* **Listed records**:
----------------------------------------
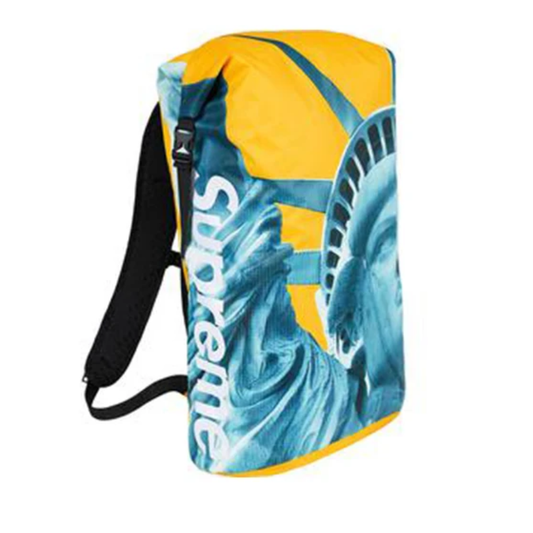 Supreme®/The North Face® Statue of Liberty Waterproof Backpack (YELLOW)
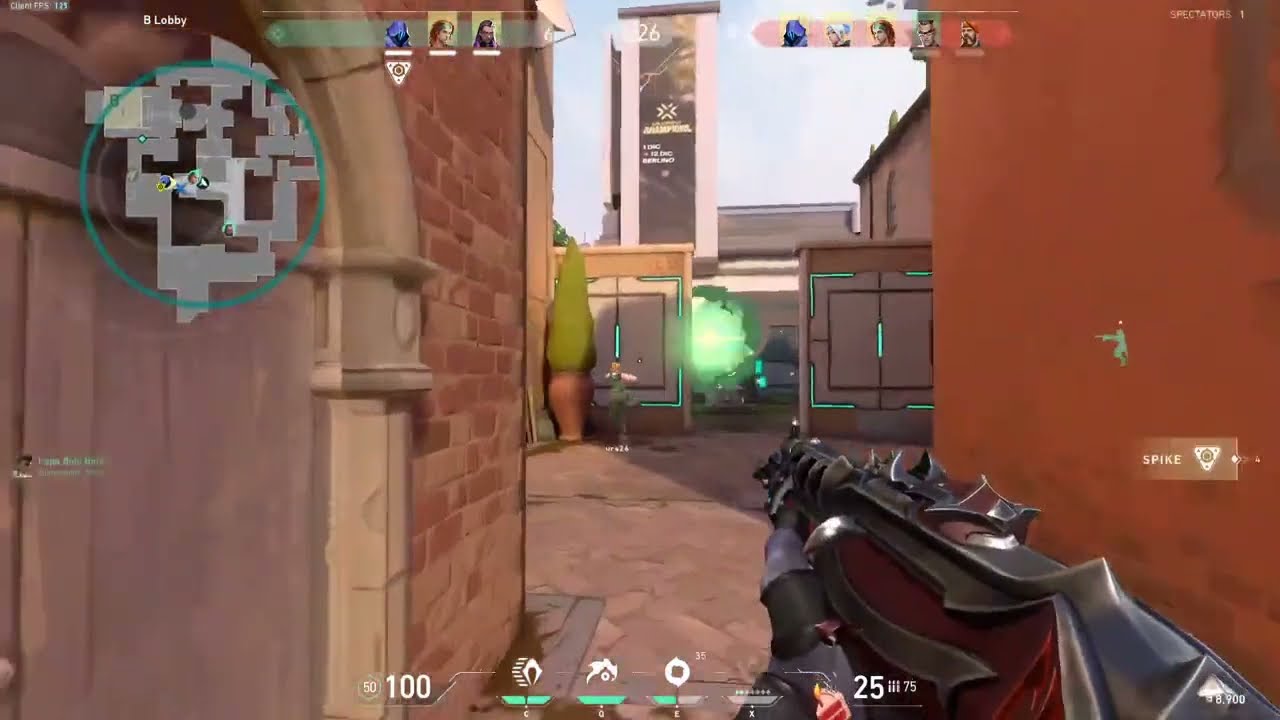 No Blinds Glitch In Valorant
----------------------------------------
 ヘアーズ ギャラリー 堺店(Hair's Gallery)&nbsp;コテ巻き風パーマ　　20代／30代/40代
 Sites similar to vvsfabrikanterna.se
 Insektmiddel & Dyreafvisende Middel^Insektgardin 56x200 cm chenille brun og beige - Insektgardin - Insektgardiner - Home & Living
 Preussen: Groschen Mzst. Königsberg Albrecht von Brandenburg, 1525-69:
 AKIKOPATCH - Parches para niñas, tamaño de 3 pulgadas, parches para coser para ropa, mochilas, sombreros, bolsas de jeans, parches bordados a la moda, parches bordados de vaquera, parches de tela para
----------------------------------------
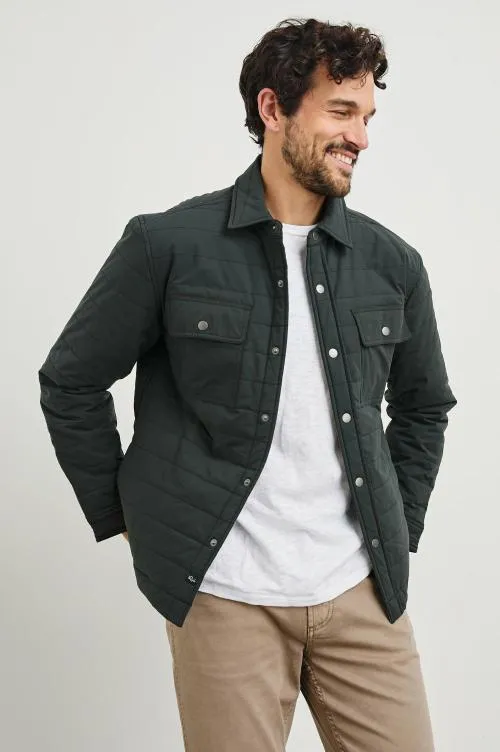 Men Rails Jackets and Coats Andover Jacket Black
----------------------------------------
* **The problem**:
Using the entries above, transcribe every line from the line containing "Supreme®/The North Face®" through the line containing "No Blinds Glitch In Valorant". Do not copy pictures.

* **Finished task**:
 Supreme®/The North Face® Statue of Liberty Waterproof Backpack (YELLOW)
 No Blinds Glitch In Valorant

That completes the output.